Build a brazing hearth by arranging a wall of fire bricks, at least 1 foot high, to the back of your metal table -- this will absorb excess heat during the hardening and tempering process. Place your steel to be heated in front of the wall, on top of one or two more fire bricks. The fire bricks are a safe heat-resistant surface on which to place steel during heating. For example, with a drill bit, heat the tip of it (the useful end) with the gas blow torch until it becomes red hot. The steel should be glowing red.
Pick up the drill bit using the blacksmith's tongs and plunge it into the metal trough of cold water. A hissing sound and steam will result. The tip of the drill bit has been hardened but it is very brittle. It will break easily if used and is not yet fit for purpose.
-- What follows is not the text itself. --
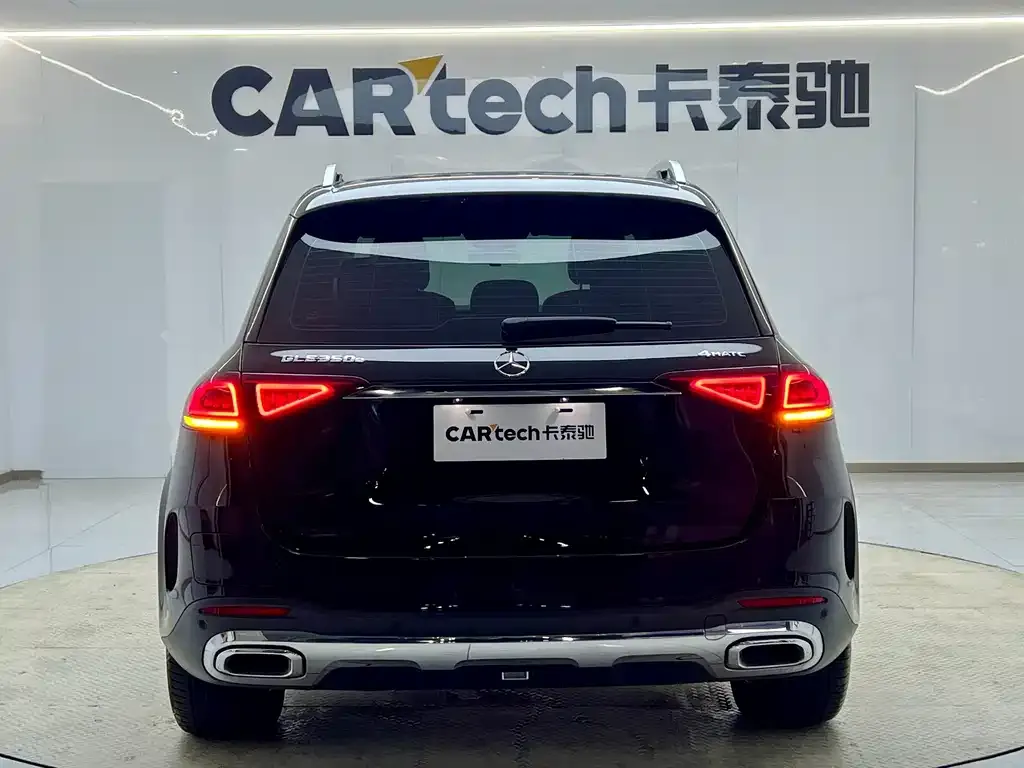 Mercedes-Benz GLE New Energy — фото 6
Clean the head of the drill bit with the emery cloth. Place the drill bit back onto the fire bricks of the brazing hearth. Heat the tip of the drill bit once again with the blow torch; this stage is called tempering. Observe the steel continuously because it changes color quickly. Watch for the steel changing to blue. This line of blue will travel towards the tip of the drill bit. Turn off the blow torch when the blue line reaches the tip, this shows that the required temperature has been reached.
Pick up the drill bit using the blacksmith's tongs. Place it onto a steel surface, for example, the surface of an anvil. The drill bit should be allowed to cool as the steel surface draws heat away from it. Tempering is complete when the drill bit is cold. It should no longer be brittle but instead tough and durable.